Fuding Babao taro puree is selected from Fuding native products - Fuding taro, a provincial famous brand agricultural product. Fuding taro is famous for its large, pine quality and fragrant taste, and it is the top product for making eight-treasure taro paste.
Method:
Ingredients:
640 grams of taro, 320 grams of sugar, 160 grams of lard or vegetable oil, 3 green onions, 1 2 cups of water, 1 cherry.
Steps:
1. Cut the taro into 1 cm thick, steam it for 20 minutes, and press the taro while it is hot.
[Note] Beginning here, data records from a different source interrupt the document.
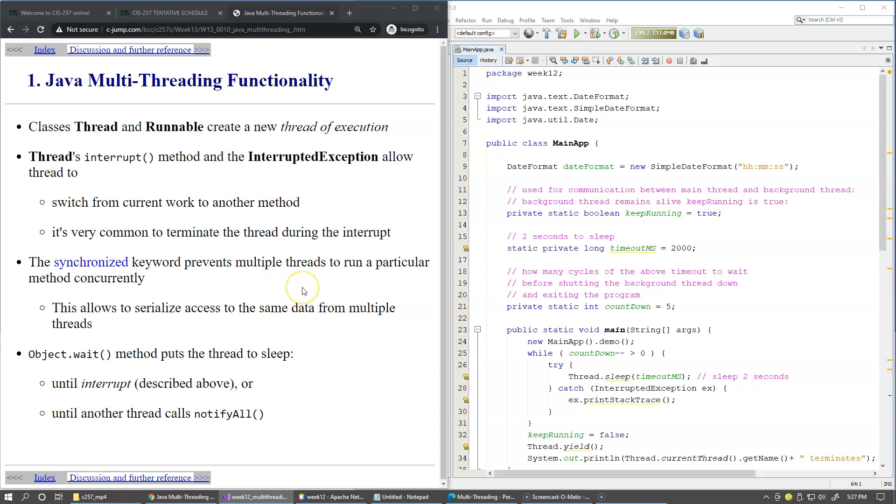On a computer with one CPU, the CPU has to switch between multiple threads. On a multi-core CPU we can achieve true parallelism with more than one thread running simultaneously. We have a Java class named Thread and the functional interface named Runnable in support of multi-threading functionality.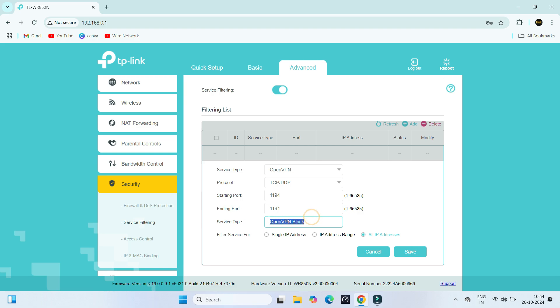Next, select the IP address for which you would like to enforce the rule.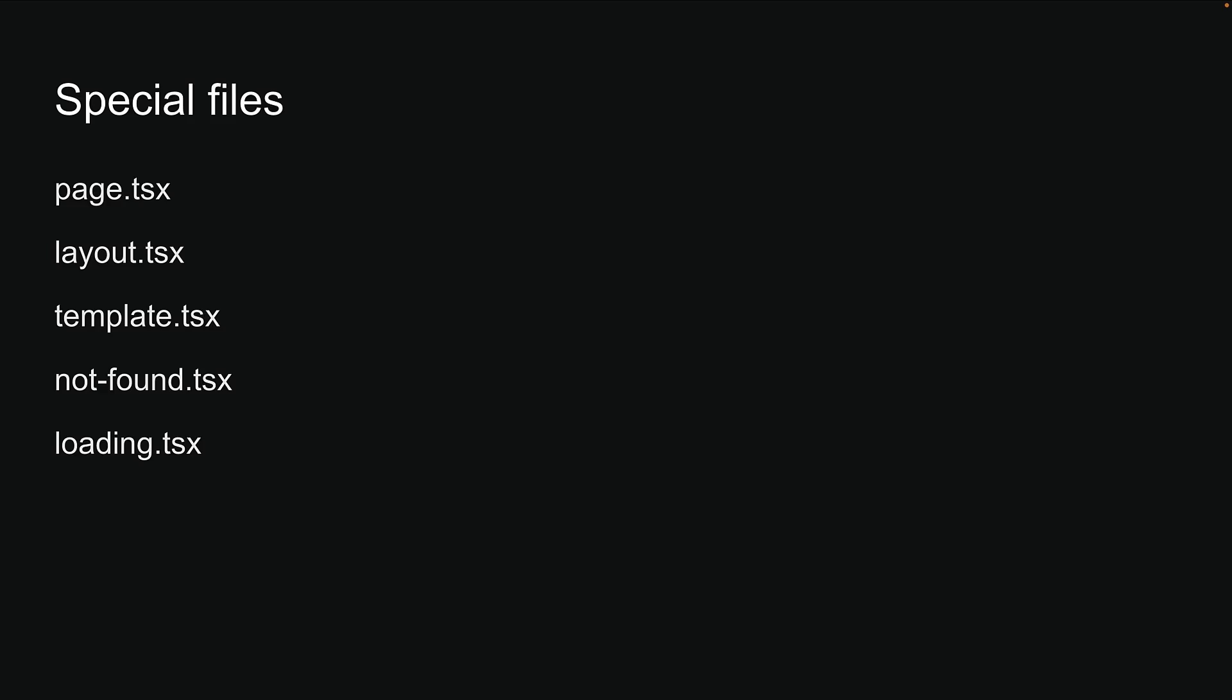It is time to explore another crucial aspect of our application, namely error handling. This is implemented through a special file called error.tsx. Let me show you how it works.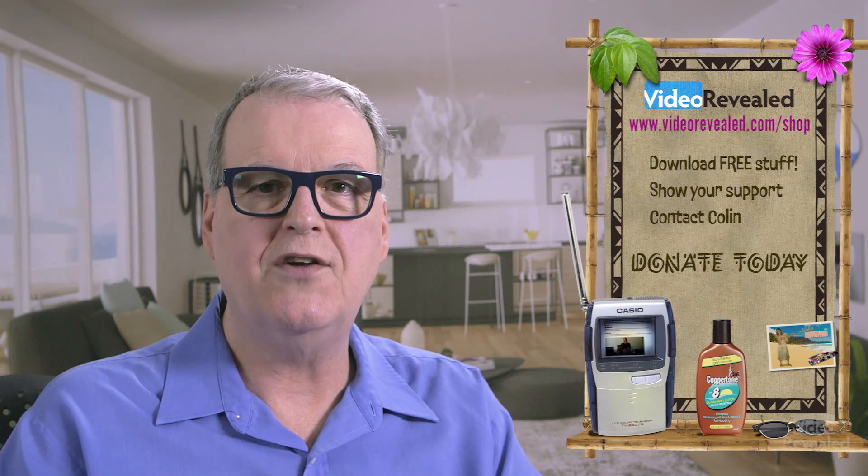Till next time, I'm Colin Smith and it's my job to get maybe a little bit too excited about this stuff, but show you all the cool stuff that Adobe is bringing to new versions of Adobe Premiere Pro.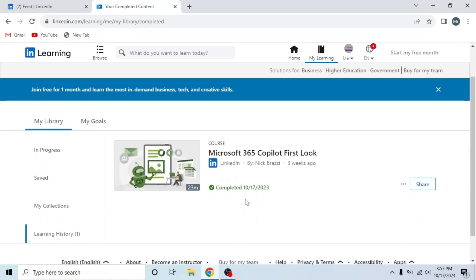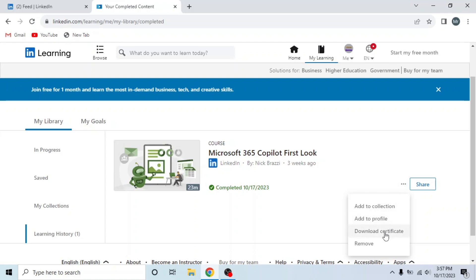Here you can see your completed course. Now I will download its certificate. To download certificate, click on these three dots. And then click on the third option, Download Certificate.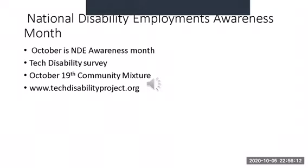Tech Disability Project. A non-profit organization is running a survey and conducting a community program called Community Mixture. More details about the survey and the program can be found on techdisabilityproject.org.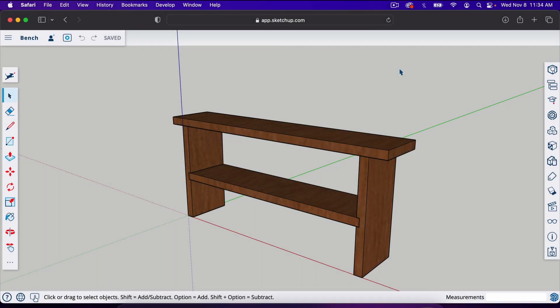Welcome back to another tutorial. This is part two of SketchUp for Woodworkers. In part one, we built this bench.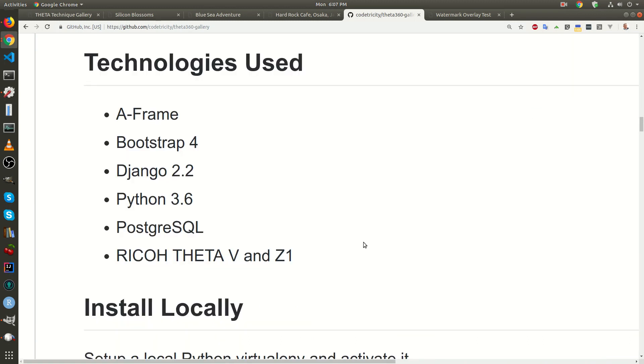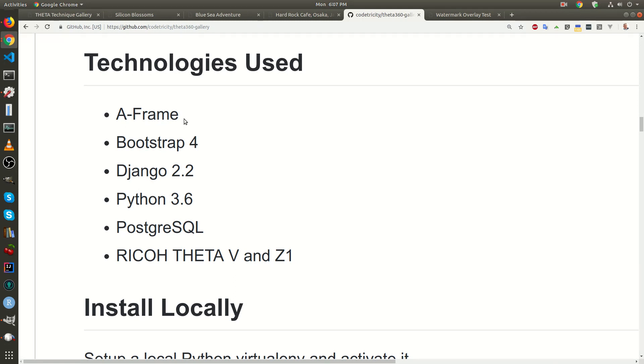This video assumes no prior knowledge of either Python, Django, or A-Frame. However, just to give you an overview of what we'll be using in the tutorial. A-Frame is the technology that's used to display the 360 image and allow the navigation. So if you're using a headset and you turn your head, this is all handled by A-Frame. It's fairly simple to use.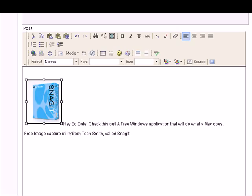So if you're wanting to get a free utility called Snagit, click on the links below this posting in the video window. There's another link that will help you get a registration key also. And hopefully TechSmith doesn't mind the business.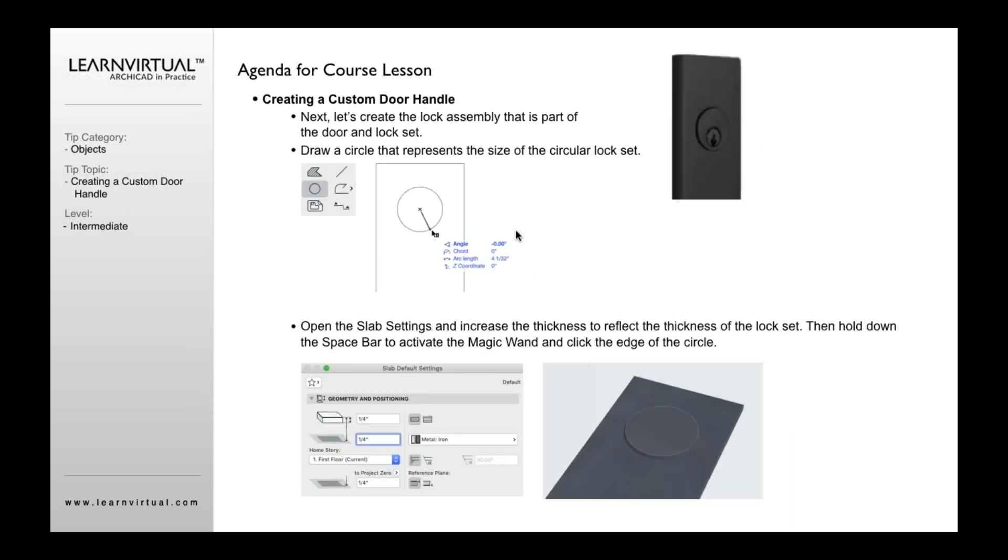Once you've done that, if we want to create this circular piece of the lock, we're going to want to first go and draw a circle. Go to the circle tool and then draw your circle, the radius that's appropriate. Then we're going to use it as a guide to actually place a slab.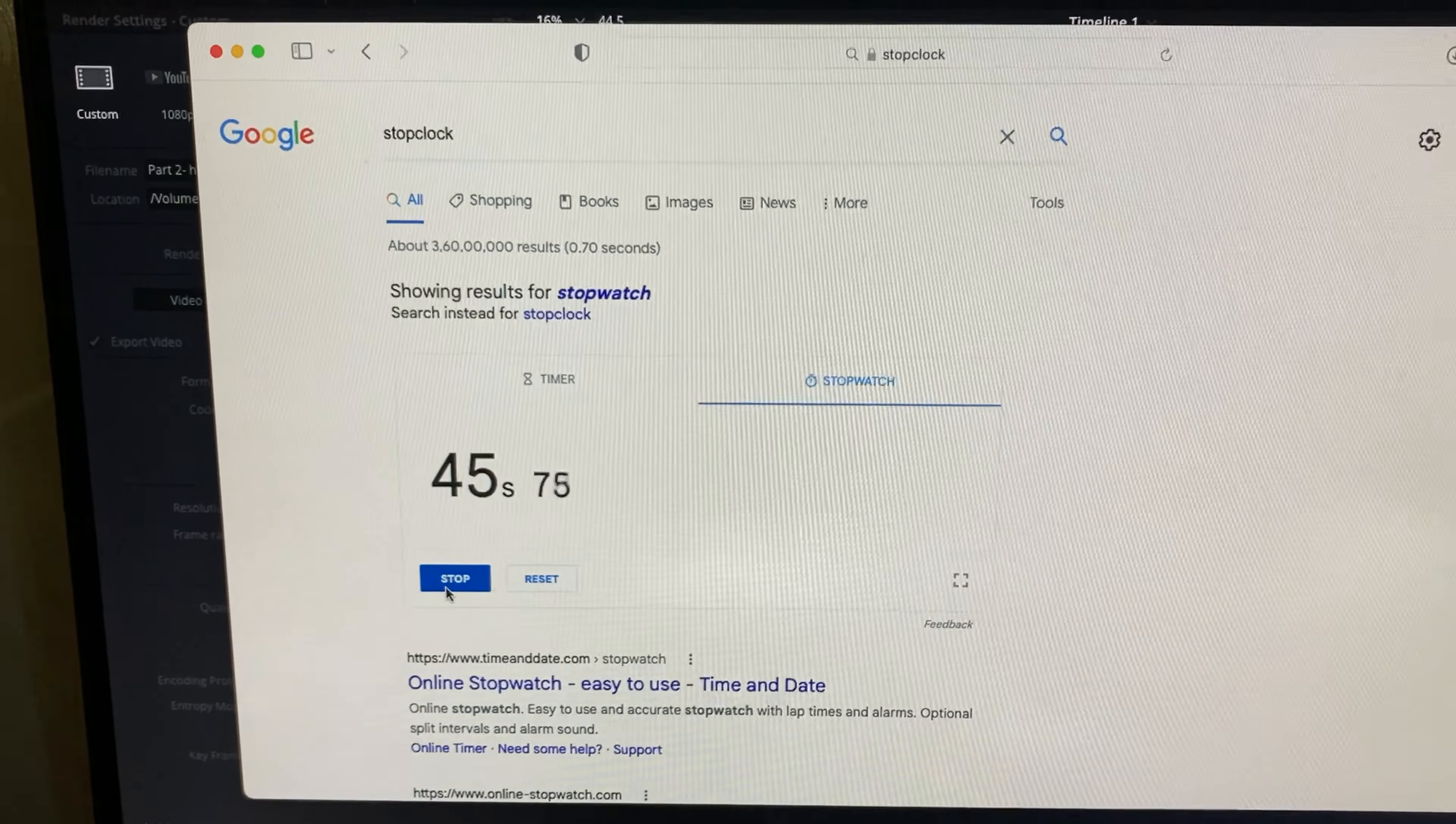All right guys, so we are over nine minutes into the export and it is around 75 percent. So I think it might take another two to three minutes to finish the export.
2. Heat the lard or vegetable oil, fry the green onion until fragrant, and remove the green onion residue.
3. Add sugar and taro, stir-fry over low heat until smooth, and gradually add water and cook thoroughly.
4. Put the taro paste in a bowl and steam it until it is hot. Garnish with cherries.
The main effects of taro paste:
Taro is rich in protein, calcium, phosphorus, iron, potassium, magnesium, sodium, carotene, niacin, vitamin C, B vitamins, saponins and other components. Among the minerals contained, fluorine'The content is high, and it has the effect of cleaning teeth, preventing caries, and protecting teeth.
Its rich nutritional value can enhance the body's immune function, and can be used as a common medicinal diet staple food for the prevention and treatment of cancer. It has an adjuvant role in cancer surgery or postoperative radiotherapy, chemotherapy and its ** process.
Taro contains mucus proteins that improve the body's resistance. Taro is an alkaline food, which can neutralize the acidic substances accumulated in the body, adjust the acid-base balance of the human body, produce the effect of beauty and black hair, and can also be used to prevent and treat hyperacidity.
Taro is rich in mucus saponin and a variety of trace elements, which can help the body correct the physiological abnormalities caused by the lack of trace elements, and at the same time can increase appetite, help digestion, and fight cancer.